More MS news articles for June 2002

Anti-CD3 Monoclonal Antibody Slows New-Onset Type 1 Diabetes

http://www.medscape.com/viewarticle/434288

May 30, 2002
Laurie Barclay, MD
Reviewed by Gary D. Vogin, MD
Laurie Barclay, is a staff writer with WebMD.
MedscapeWire is edited by Deborah Flapan, an associate editor at Medscape.

When it comes to controlling type 1 diabetes mellitus, there's bad news and good news in the May 30 issue of the New England Journal of Medicine. The bad news is that the long-awaited results of the first part of the Diabetes Prevention Trial (DPT-1) are disappointing: injected insulin does not delay or prevent type 1 diabetes for those at risk, although trials with oral insulin are still ongoing.

But the good news offers hope of a new treatment frontier: attacking the immune origins of the disease to halt progression rather than just control symptoms. Humanized anti-CD3 monoclonal antibody given over 14 days within 6 weeks of diagnosis maintained or improved insulin production for 1 year in 9 of 12 diabetics.

"The most important implication of this research is that we can intervene in type 1 diabetes after onset and still have an impact," senior author Jeffrey Bluestone, director of the UCSF Diabetes Center, tells WebMD. "This opens up the door to a whole host of other approaches, not just this drug."

Bluestone has filed a patent application for this monoclonal antibody and has a commercial agreement regarding its use with Centocor and Johnson & Johnson Pharmaceuticals. "By targeting specific T cells mediating autoimmunity, this drug can modulate the disease by preserving islet cell function," he says. "This brings us one step closer to treating the disease before symptom onset or even before clinical diagnosis, if we can identify those at risk."

In this phase I/II clinical trial, 24 patients, aged 7 to 30 years, were randomized to receive daily injections of the anti-CD3 antibody for 2 weeks or not to receive antibody. There were no severe adverse effects, and the most common adverse effects were fever, rash, and anemia.

During 1 year of follow-up, 9 of 12 treated patients had maintained or improved insulin secretion and improvement in clinical signs and symptoms (P=.01), compared with 2 of 12 controls. Insulin requirements and glycated hemoglobin levels were lower in the treated patients. Patients who responded clinically also had a change in the ratio of CD4+ T cells to CD8+ T cells 30 and 90 days after treatment.

"The significance of the study is that treatment with the anti-CD3 antibody preserved insulin production in patients with new onset type 1 diabetes," lead author Kevan C. Herold, MD, an associate professor of clinical medicine at Columbia University College of Physicians and Surgeons, New York, tells WebMD. "People with type 1 diabetes eventually lose their ability to make insulin entirely, and preservation of any insulin production has a very significant impact on the ability to manage the disease."
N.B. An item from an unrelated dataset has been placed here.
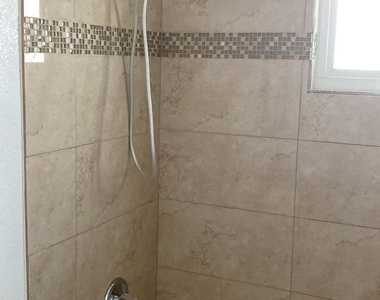 172 Palomar Street - Photo Thumbnail 12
In an accompanying editorial, Edwin A. M. Gale, MD, from the University of Bristol, England, notes study limitations including small sample size, short duration of follow-up, nonblinded design, and no standardization of glycemic control. Phase II studies are now underway to address these issues.

Gale tells WebMD that the new treatment is unlikely to avoid the need for insulin, even if all available beta cells are protected. Still, he points out that "practically nothing else" works after onset of diabetes, and that a single course of treatment "seems able to re-educate the immune system permanently."

Despite traditional wisdom that only 10% of pancreatic beta cells are still viable at diagnosis of type 1 diabetes, Gale says that the number of viable cells is difficult to estimate and may vary considerably.

"The rationale is to protect sufficient endogenous beta cells to top up externally administered insulin, and there is very good evidence that the benefits of continued insulin secretion will extend over many years, allowing better control with less hypoglycemia," he says. Strict metabolic control leads to fewer complications such as vascular, eye, and renal disease.

The anti-CD3 antibody, a humanized monoclonal antibody known as hOKT31(Ala-Ala), is a mouse-human hybrid antibody that selectively and rapidly targets beta-cell specific T-lymphocytes. It is less toxic than other OKT3 monoclonal antibodies because it does not activate aggressive inflammatory cytokines causing nausea, headache, hypertension, and even cardiac problems.

"Although broad spectrum immune suppressive agents can also help to preserve insulin production, their toxicity precludes use in children, especially, in which chronic immune suppression would be substituted for insulin," Herold says.

Further testing and development of the new therapy is planned in a multicenter clinical trial of more than 80 patients, using a multiple-dose regimen designed to amplify the effects of the drug in a fashion analogous to the repeated administration of vaccines. Additional trials are under way in conjunction with islet transplantation for type 1 diabetes and for treatment of psoriatic arthritis.

"If we get more conclusive evidence that [the anti-CD3 antibody] can produce lasting benefit after diagnosis, it might be feasible to use it before diagnosis, as attempted in the unsuccessful DPT-1 study," Gale says.